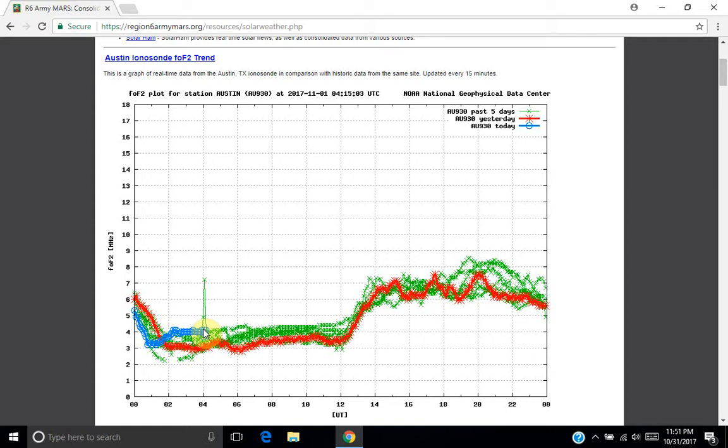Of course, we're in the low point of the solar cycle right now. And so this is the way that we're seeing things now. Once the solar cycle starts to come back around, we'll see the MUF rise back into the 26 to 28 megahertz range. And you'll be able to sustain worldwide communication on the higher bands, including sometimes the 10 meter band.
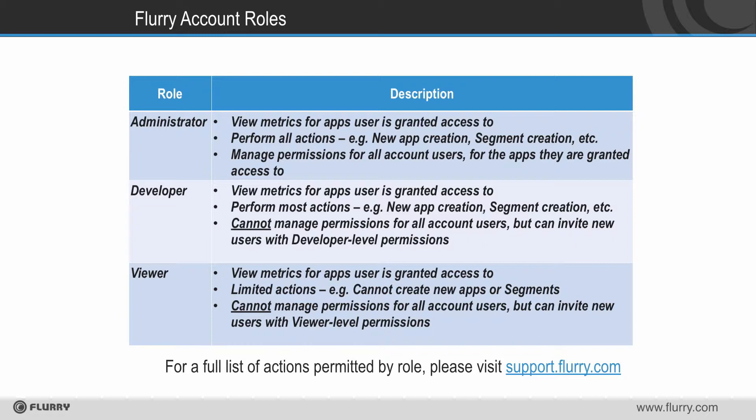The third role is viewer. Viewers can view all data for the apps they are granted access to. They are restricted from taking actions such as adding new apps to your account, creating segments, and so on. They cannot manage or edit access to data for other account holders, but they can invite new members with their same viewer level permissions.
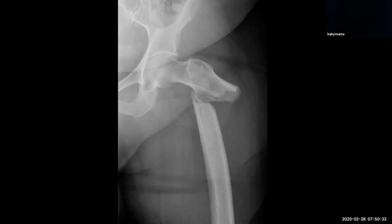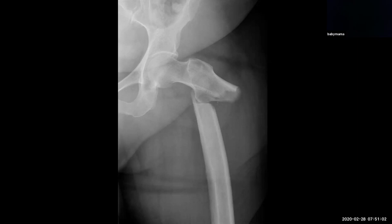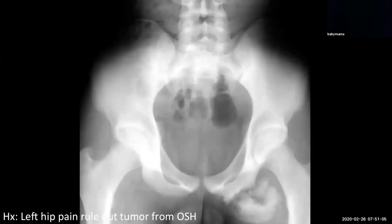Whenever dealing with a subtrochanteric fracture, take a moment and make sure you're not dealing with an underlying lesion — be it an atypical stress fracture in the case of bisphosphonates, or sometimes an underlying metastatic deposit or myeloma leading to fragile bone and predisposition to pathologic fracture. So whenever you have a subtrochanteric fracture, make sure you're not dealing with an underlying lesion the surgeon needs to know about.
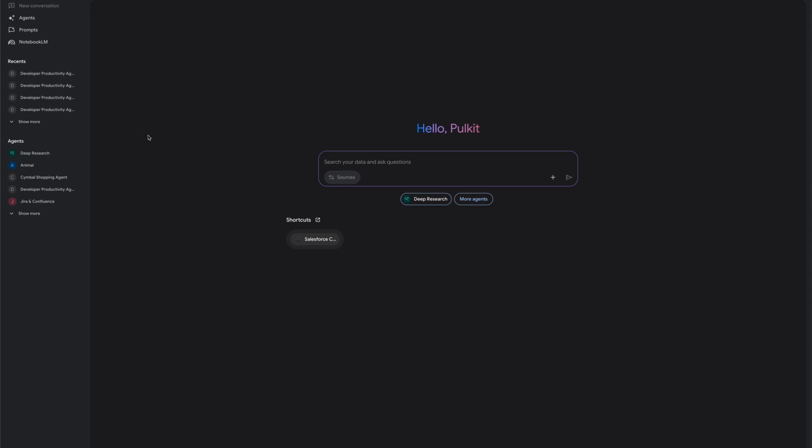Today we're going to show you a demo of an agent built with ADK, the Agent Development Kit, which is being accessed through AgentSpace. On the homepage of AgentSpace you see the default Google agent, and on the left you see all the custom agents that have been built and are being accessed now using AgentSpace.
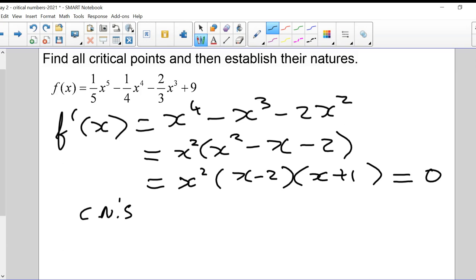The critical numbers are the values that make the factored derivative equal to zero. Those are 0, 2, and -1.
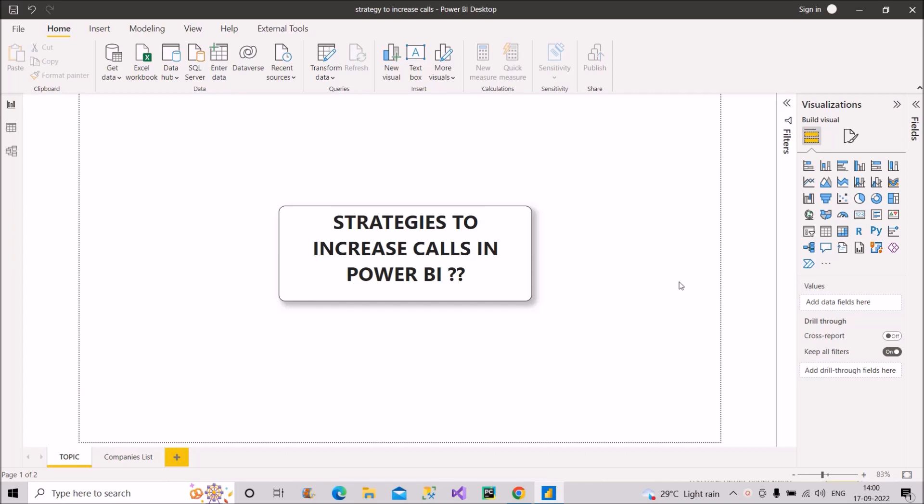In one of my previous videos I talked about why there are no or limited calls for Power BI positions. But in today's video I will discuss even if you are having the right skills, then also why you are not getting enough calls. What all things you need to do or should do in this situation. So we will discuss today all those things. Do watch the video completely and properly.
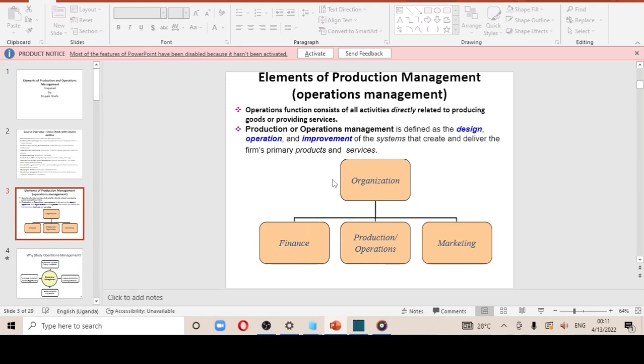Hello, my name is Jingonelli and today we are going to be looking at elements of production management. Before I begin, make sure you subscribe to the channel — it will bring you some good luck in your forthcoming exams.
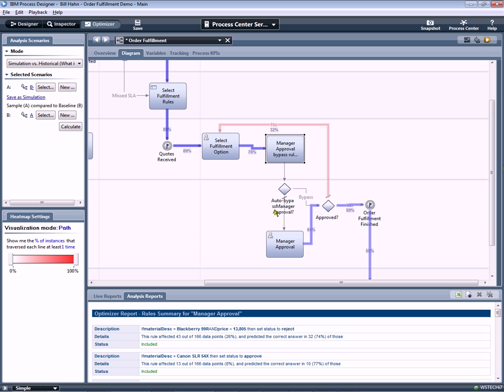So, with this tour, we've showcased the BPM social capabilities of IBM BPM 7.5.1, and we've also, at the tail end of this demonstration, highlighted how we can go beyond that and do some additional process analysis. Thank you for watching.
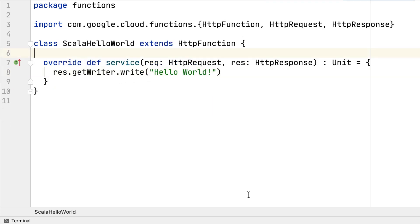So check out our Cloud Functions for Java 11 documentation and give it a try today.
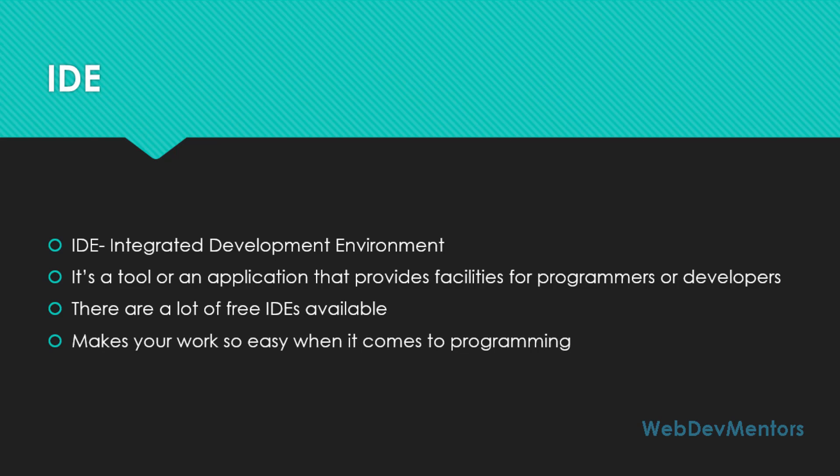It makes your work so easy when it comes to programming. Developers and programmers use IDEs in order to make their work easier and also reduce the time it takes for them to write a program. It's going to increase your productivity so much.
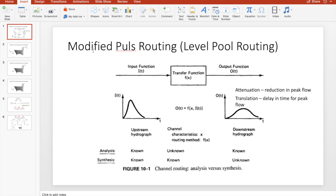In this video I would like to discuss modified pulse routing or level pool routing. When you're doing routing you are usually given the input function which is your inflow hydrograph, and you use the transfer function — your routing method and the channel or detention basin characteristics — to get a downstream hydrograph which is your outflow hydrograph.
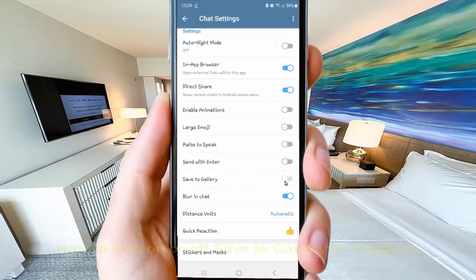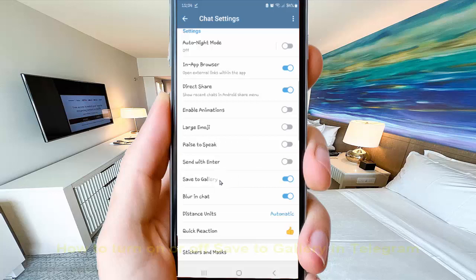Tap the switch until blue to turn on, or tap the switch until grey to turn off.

==

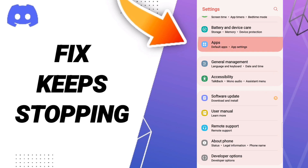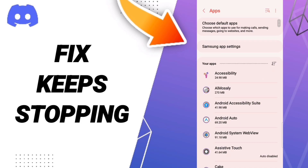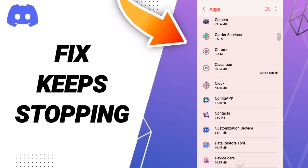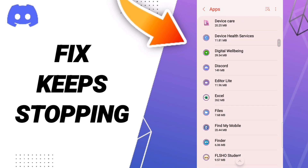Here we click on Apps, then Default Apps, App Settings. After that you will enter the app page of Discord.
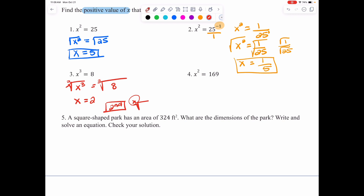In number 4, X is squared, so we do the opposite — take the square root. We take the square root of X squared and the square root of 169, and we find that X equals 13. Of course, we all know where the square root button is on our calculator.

== Required work ==
Repeat only the stretch of data above that runs from the line with "Whenever dealing with" to the line with "The critical numbers". Keep both end lines; exclude pictures.

== Response area ==
Whenever dealing with a subtrochanteric fracture, take a moment and make sure you're not dealing with an underlying lesion — be it an atypical stress fracture in the case of bisphosphonates, or sometimes an underlying metastatic deposit or myeloma leading to fragile bone and predisposition to pathologic fracture. So whenever you have a subtrochanteric fracture, make sure you're not dealing with an underlying lesion the surgeon needs to know about.
Today we're going to show you a demo of an agent built with ADK, the Agent Development Kit, which is being accessed through AgentSpace. On the homepage of AgentSpace you see the default Google agent, and on the left you see all the custom agents that have been built and are being accessed now using AgentSpace.
The critical numbers are the values that make the factored derivative equal to zero. Those are 0, 2, and -1.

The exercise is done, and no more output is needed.